SIGHTINGS


 
UNSCOM and US Used Spy
Gear On Saddam For Three Years
By Thomas Lippman and Barton Gellman
The Washtington Post
1-9-99
 
The United States intermittently monitored the coded radio communications of the innermost security forces of Iraq's President Saddam Hussein for nearly three years using equipment secretly installed in Iraq by United Nations weapons inspectors, US and UN officials say.
 
In 1996 and 1997, the Iraqi communications were captured by off-the-shelf commercial equipment carried by the inspectors, from the United Nations Special Commission (Unscom), then hand-delivered to analysis centres in the US, Britain and Israel for interpretation, officials said.
 
However, last March, when Unscom decided it was too dangerous for its inspectors to carry the equipment, the US took control of the operation and replaced the store-bought scanners and digital tape-recorders with more sophisticated automated monitors.
 
The intercepted Iraqi communications were sent by satellite relay in a nearby country to the National Security Agency (NSA) at Fort Meade, Maryland, where they were decoded and translated into English, the officials said.
 
Information relevant to the work of the inspection team, which was searching for Iraq's prohibited weapons or the means to conceal them, was shared with Unscom's chairman and his deputy, officials said.
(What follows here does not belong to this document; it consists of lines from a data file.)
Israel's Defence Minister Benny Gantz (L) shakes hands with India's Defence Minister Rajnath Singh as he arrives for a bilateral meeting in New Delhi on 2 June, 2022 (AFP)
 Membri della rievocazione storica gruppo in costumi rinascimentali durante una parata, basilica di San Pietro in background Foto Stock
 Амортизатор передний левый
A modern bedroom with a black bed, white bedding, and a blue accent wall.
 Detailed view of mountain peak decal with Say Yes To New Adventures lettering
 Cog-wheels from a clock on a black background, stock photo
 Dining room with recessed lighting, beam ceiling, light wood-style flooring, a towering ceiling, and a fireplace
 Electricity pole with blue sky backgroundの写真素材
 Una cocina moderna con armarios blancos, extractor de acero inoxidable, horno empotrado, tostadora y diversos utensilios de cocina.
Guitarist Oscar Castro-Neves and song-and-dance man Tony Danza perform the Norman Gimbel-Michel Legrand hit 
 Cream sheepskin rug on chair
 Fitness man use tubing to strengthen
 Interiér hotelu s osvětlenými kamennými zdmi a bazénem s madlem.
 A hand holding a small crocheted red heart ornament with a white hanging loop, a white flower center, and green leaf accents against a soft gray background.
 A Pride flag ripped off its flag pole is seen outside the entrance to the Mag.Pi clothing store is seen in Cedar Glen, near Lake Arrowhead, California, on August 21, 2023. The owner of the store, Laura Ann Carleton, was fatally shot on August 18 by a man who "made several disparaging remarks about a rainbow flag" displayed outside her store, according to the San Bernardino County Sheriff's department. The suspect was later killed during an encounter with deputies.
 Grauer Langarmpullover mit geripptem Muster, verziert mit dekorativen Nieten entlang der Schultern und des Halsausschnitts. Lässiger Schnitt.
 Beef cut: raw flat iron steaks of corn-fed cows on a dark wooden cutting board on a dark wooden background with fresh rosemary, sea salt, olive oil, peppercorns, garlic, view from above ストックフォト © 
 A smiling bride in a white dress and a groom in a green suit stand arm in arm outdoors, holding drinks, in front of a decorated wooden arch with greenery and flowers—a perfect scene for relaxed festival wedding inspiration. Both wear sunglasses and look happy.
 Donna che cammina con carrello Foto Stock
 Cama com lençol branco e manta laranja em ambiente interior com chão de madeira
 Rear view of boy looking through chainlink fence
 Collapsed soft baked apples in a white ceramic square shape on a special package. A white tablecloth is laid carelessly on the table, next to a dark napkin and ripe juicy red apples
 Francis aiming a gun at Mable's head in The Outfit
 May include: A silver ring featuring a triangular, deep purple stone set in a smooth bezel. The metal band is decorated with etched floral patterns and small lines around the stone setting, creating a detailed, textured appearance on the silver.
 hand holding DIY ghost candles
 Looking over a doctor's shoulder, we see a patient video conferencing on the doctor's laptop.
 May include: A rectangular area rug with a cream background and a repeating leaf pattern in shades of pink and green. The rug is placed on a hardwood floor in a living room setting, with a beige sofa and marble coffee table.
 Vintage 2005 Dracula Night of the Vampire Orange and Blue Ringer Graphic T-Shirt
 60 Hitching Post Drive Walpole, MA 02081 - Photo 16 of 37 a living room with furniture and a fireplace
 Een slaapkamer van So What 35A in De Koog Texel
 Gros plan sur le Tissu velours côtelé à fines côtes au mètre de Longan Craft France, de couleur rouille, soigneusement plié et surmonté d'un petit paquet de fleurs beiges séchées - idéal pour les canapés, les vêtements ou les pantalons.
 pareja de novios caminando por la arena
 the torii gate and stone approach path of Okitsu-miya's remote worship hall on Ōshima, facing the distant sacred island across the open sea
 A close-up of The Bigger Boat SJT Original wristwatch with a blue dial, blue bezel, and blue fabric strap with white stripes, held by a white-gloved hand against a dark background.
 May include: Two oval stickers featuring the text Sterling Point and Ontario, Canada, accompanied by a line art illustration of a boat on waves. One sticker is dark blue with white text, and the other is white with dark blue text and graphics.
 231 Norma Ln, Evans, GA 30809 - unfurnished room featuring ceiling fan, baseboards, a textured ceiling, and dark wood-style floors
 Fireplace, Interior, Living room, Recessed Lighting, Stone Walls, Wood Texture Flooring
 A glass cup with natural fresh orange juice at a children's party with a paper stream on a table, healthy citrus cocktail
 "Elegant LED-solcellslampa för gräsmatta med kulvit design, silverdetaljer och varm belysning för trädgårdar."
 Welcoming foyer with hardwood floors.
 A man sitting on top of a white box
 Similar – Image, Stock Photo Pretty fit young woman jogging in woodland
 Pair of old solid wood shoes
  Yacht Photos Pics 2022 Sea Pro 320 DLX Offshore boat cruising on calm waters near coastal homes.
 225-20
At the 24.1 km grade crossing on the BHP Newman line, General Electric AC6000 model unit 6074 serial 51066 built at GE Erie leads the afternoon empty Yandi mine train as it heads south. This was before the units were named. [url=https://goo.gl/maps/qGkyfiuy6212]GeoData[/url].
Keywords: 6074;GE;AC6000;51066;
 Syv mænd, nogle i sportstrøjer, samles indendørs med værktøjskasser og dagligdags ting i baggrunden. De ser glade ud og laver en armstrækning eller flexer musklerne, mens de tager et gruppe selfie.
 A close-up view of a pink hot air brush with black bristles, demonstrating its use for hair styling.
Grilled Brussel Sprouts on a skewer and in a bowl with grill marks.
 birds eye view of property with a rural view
Other information, including material that might be helpful to the US in destabilising Saddam, was retained by Washington.
 
US officials confirmed the monitoring operation in an effort to rebut allegations that the US had inappropriately used Unscom as a tool to penetrate Saddam's security and promote his downfall. Until Thursday, US officials had denied using intelligence gathered in connection with Unscom for US purposes.
 
US officials have said the purpose of the radio intercepts was to help Unscom do the job assigned to it by the UN Security Council. To the extent the operation provided additional information was a bonus that did not deviate from Unscom's mandate, the officials said.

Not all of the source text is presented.